TASK TO CARRY OUT: In the records below, find the line that contains "5 Bedroom Property" and the line that contains "Moyra Elliot Trinket"; write out exactly those two lines and everything between them, without the pictures.

GIVEN RECORDS:
* * * * * * *
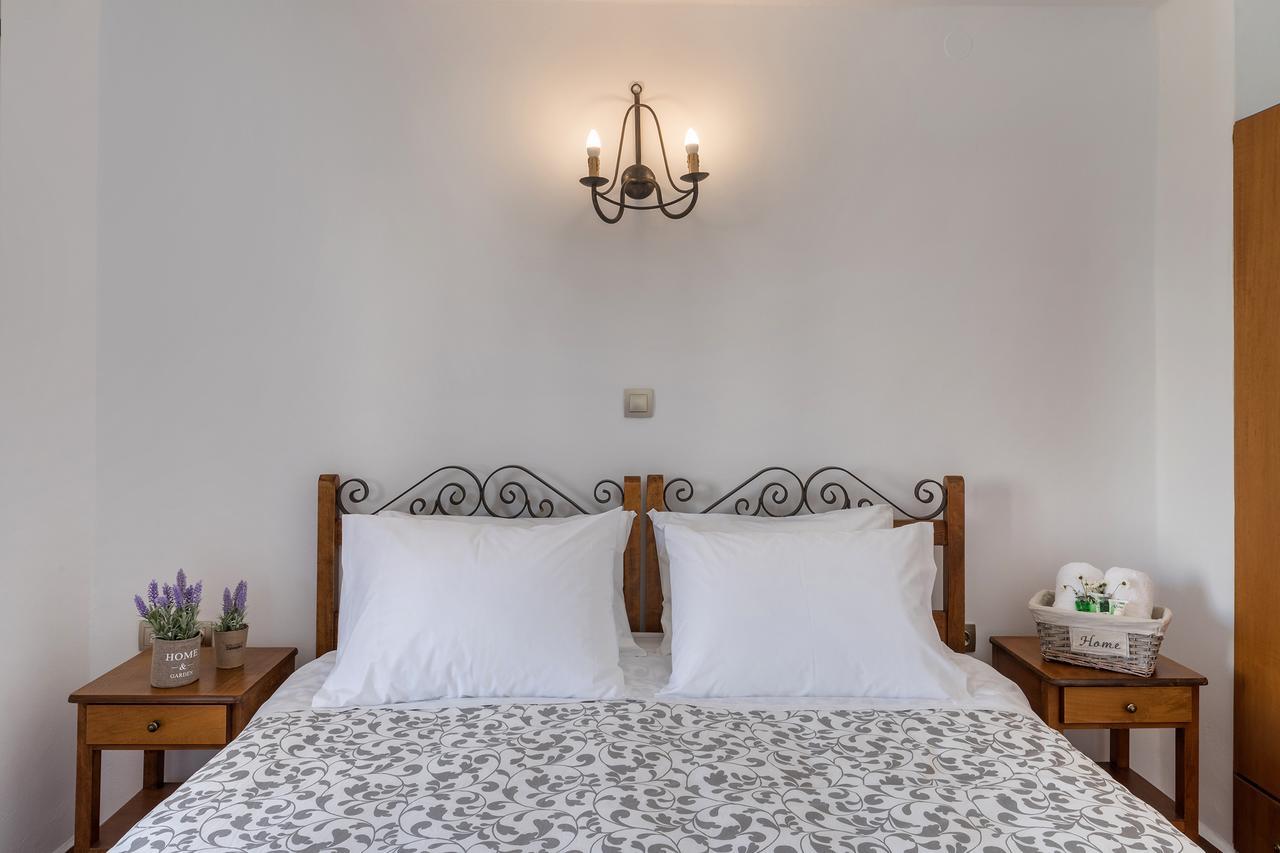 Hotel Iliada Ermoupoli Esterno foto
* * * * * * *
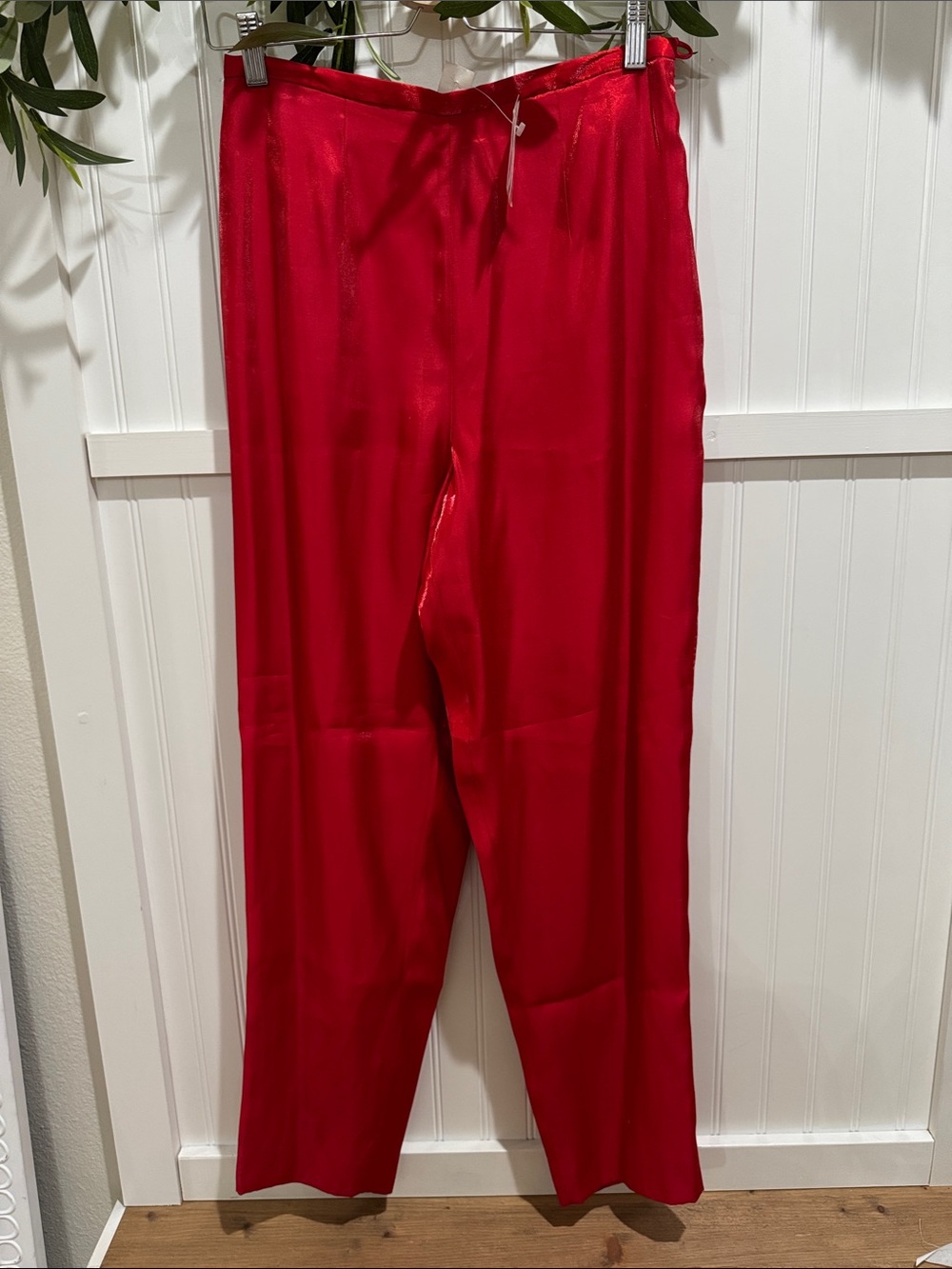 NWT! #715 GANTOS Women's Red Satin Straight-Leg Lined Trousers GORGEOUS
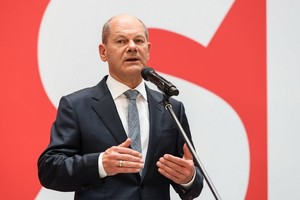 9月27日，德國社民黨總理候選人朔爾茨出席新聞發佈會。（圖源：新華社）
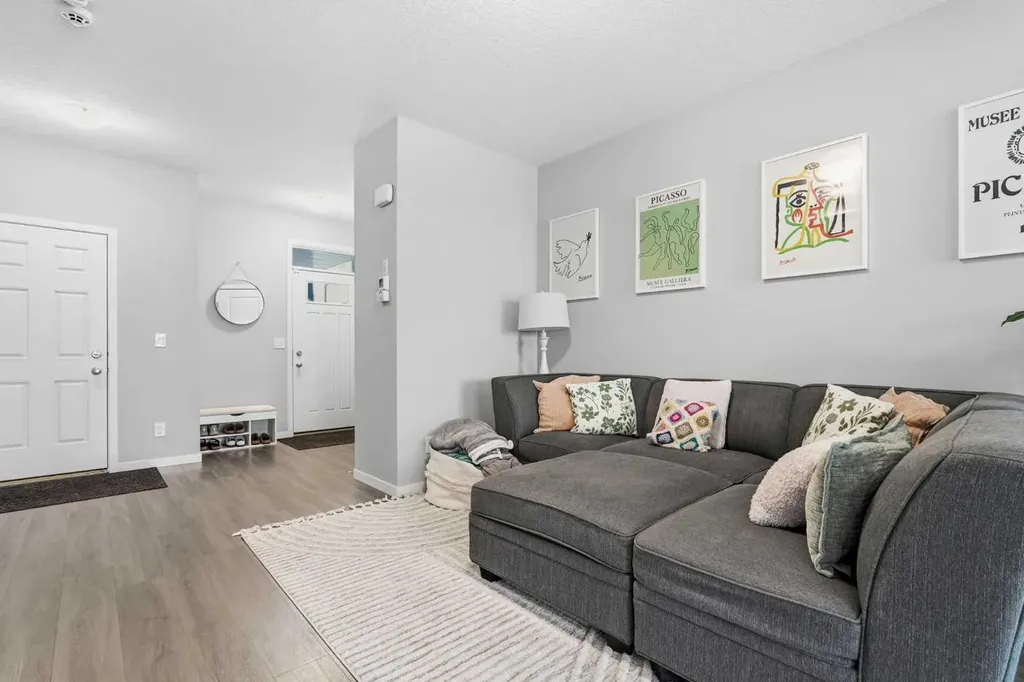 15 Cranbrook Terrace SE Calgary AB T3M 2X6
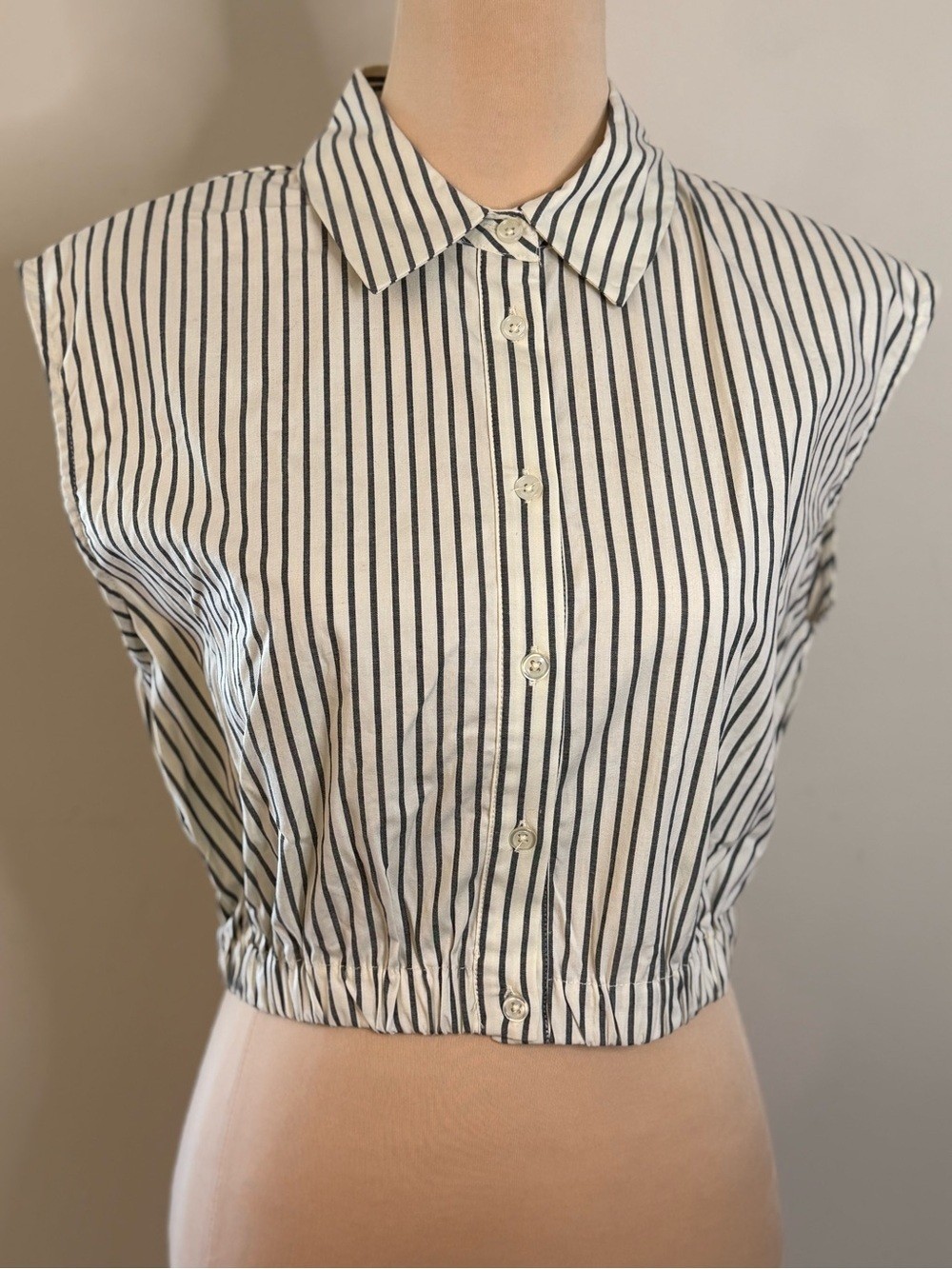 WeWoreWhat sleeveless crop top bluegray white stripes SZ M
* * * * * * *
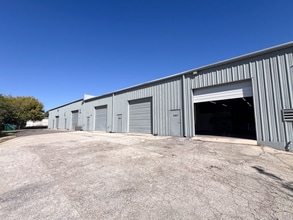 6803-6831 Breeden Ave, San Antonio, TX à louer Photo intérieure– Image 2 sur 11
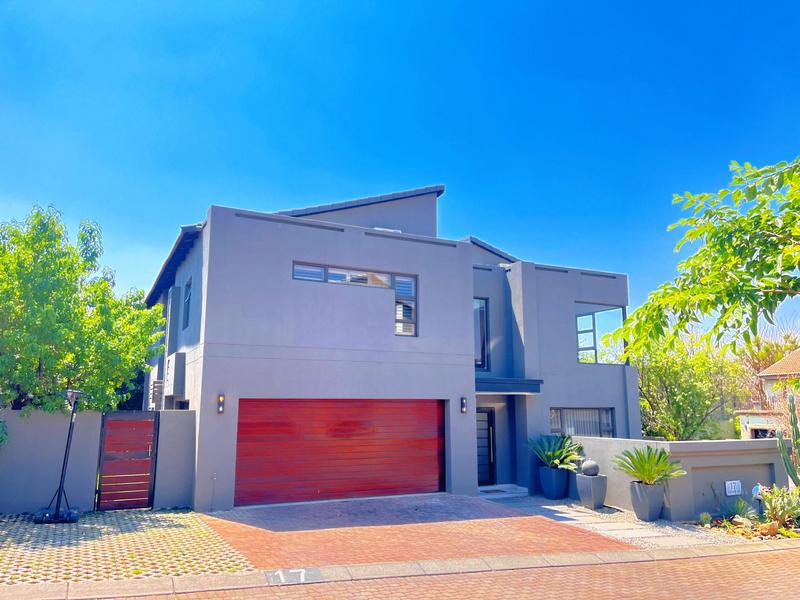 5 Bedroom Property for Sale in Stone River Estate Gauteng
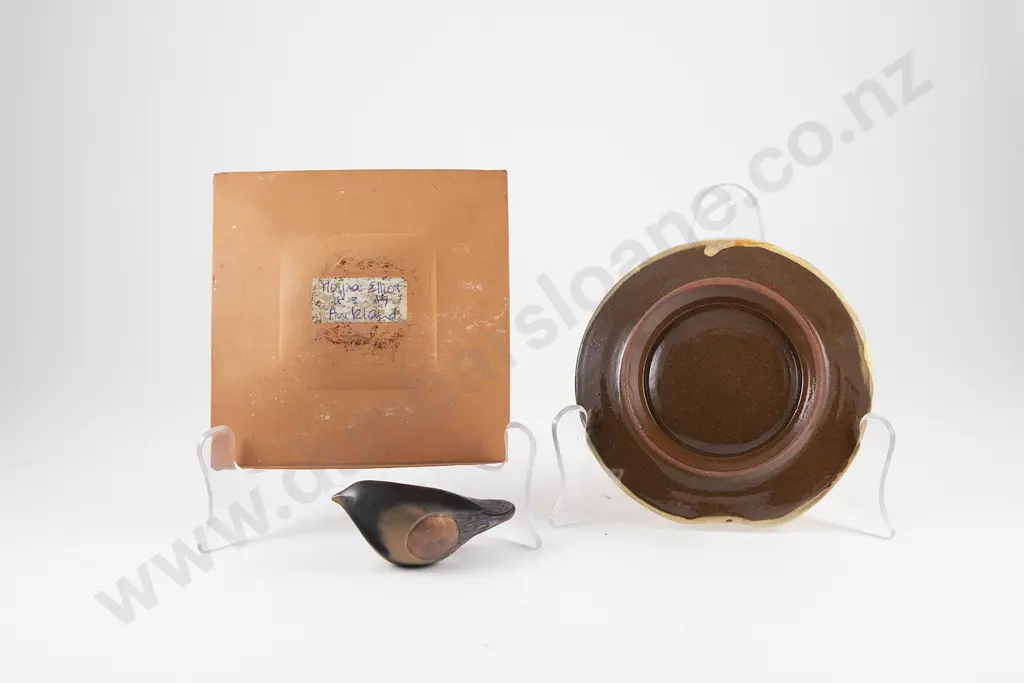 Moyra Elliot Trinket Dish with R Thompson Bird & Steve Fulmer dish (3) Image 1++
* * * * * * *
ANSWER SPACE:
 5 Bedroom Property for Sale in Stone River Estate Gauteng
 Moyra Elliot Trinket Dish with R Thompson Bird & Steve Fulmer dish (3) Image 1++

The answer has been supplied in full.